March 31, 2008
by: jovial_cynic

image: obama_cowboy (cc) throwthedamnthing

Agreeing with libertarians on their disdain for the growth of squid-like tentacles of the government, it brings me great pleasure to see more and more libertarians pushing for Obama.

One of the simplest ways to describe libertarian philosophy is that it stands for shrinking government. Bush has obviously been one of the most anti-libertarian presidents this country has seen in that regard. As far as McCain is concerned, he will continue the Bush trend.

That blog also links to a Political Punch article that shows that folks in the US military who are willing to donate to presidential campaigns seem to support anti-war Ron Paul and Barack Obama:

In the 4th quarter of 2007, individuals in the Army, Navy and Air Force made those branches of the armed services the No. 13, No. 18 and No. 21, contributing industries, respectively. War opponent Rep. Ron Paul, R-Texas, received the most from donors in the military, collecting at least $212,000 from them. Another war opponent, Sen. Barack Obama, D-Illinois, was second with about $94,000.

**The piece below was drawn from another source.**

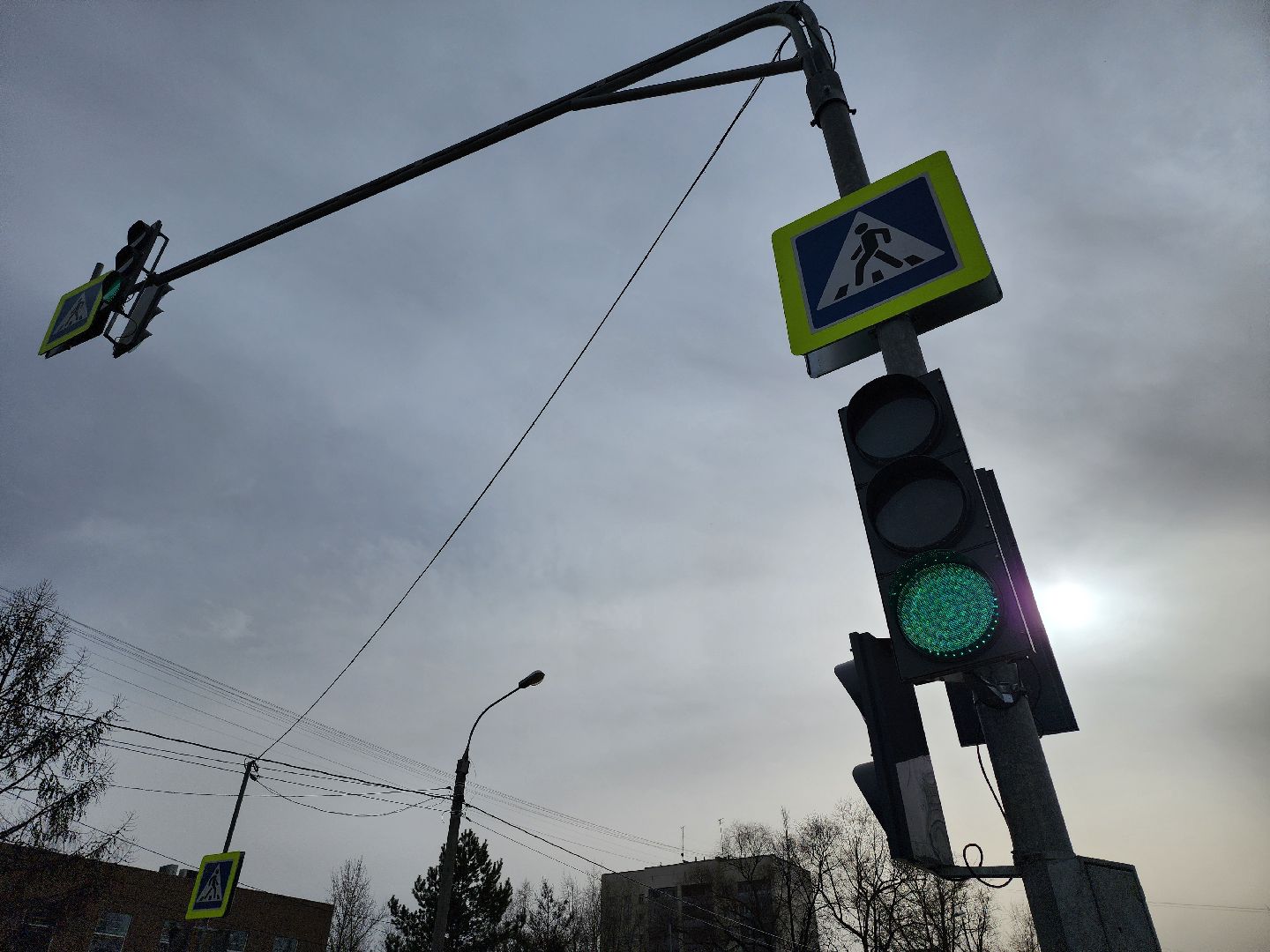 серпухов, подмсовковье, большевик, новый светофор, безопасность,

Hillary Clinton, on the other hand, was the top recipient of lobbyist cash. No surprise there.

Interestingly, it's not just the young anti-government/anti-corporate libertarians, either. There's libertarian support coming the heads of corporations, who may feel that the Republican party moved away from civil liberties good fiscal responsibility:

At Freedom Communications, the media company founded by the tenacious libertarian publisher R. C. Hoiles, which is still largely family-owned and freedom-oriented, they had an internal lunch debate on presidential politics the other day. According to Orange County Register columnist Frank Mickadeit, their corporate philosopher Tibor Machan advocated voting for the Libertarian Party. But the company's CEO, Scott Flanders, had a different view:

But there was a hush as Flanders reasoned that Obama is the best candidate to work on four top libertarian reforms: 1) Iraq withdrawal, 2) restoring the separation of church and state; 3) easing off victimless crimes such as drug use; 4) curtailing the Patriot Act.

Even Obama's position on free-trade and capitalism throws off the notion of traditional left-and-right politics, and makes concessions that, in the end, seems to benefit the most people.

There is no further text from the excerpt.